Winkler geht im klassischen Sinne historisch-chronologisch vor, wobei dies mitunter ein inhaltliches Problem darstellt: Einige Ereignisse, die sich wie etwa der Vietnam-Krieg über mehrere Jahrzehnte entwickelten, müssen so in unterschiedliche Kapitel mit entsprechenden Brüchen behandelt werden.

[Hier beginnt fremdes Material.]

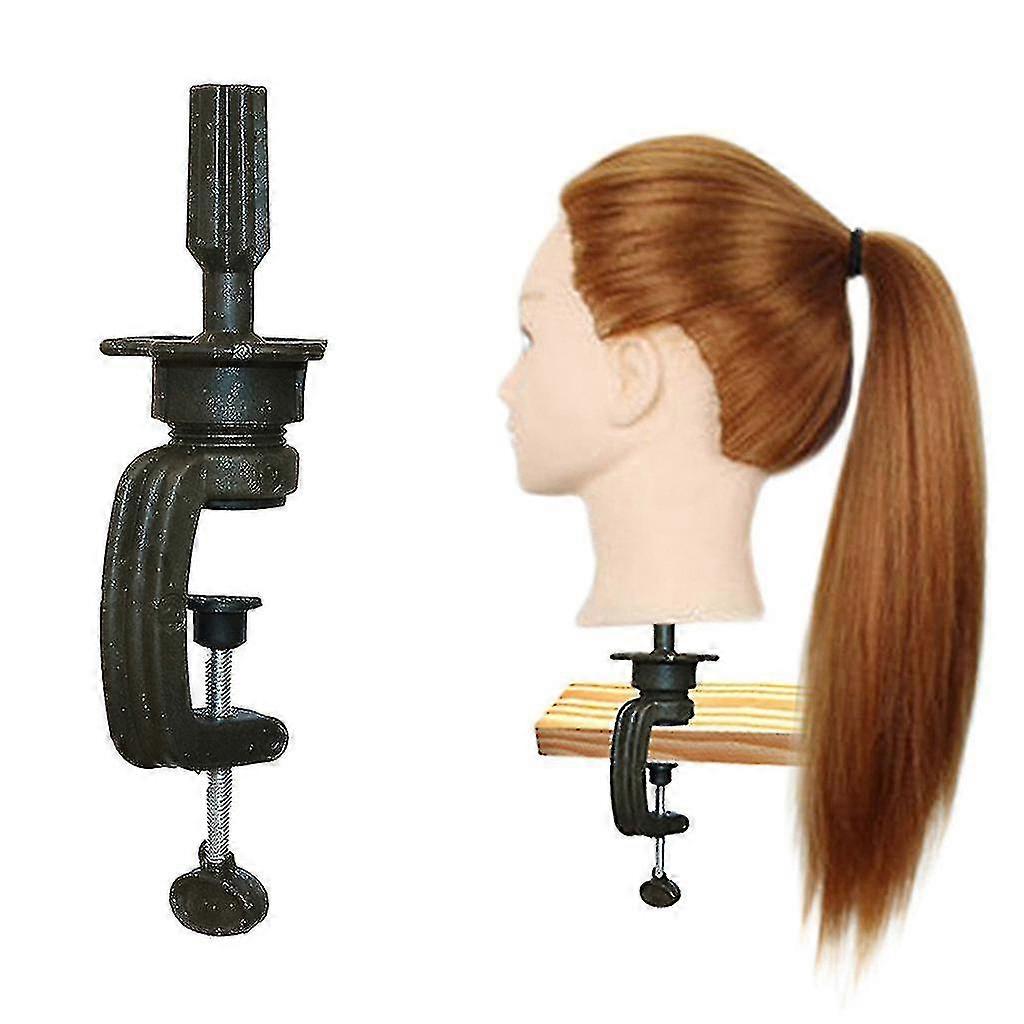 Păr lung de formare cap model coafor stand manechin practica manechin tw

Am Beginn stehen die Anfänge des Kalten Krieges zwischen 1945 und 1949 und die Ära vom Koreakrieg bis zur Kubakrise 1949–1963. Dem folgen die Ausführungen zur Entwicklung von der Konfrontation zur Entspannung von 1963 bis 1975 und von der Entspannung zur Konfrontation von 1975 bis 1985. Und schließlich geht es um den Abschied vom Kalten Krieg zwischen 1985 und 1991. Zwar will Winkler nur die “Geschichte des Westens” erzählen, da dieser aber außenpolitisch mit den unterschiedlichsten Regionen der Welt verbunden war, wird daraus letztendlich eine Art Globalgeschichte dieser Zeit. Bei aller Fixierung auf den Blockkonflikt von Ost und West geht es demnach auch um Entkolonialisierung und Entwicklungspolitik.

Nimmt man auch diesen dritten Band zur Hand und vergegenwärtigt sich die enorme Arbeitsleistung, dann kann man erneut vor Winkler nur den Hut ziehen. Gegenwärtig ist kaum noch ein derartiges geschichtliches Werk von solcher inhaltlichen Breite und zeitlichen Länge aus der Feder von nur einem Historiker vorstellbar. Die komprimierte Darstellung einzelner Gesichtspunkte und die systematische Umsetzung des Stoffs macht auch aus diesen dritten Band ein bestens geeignetes Handbuch und Nachschlagewerk.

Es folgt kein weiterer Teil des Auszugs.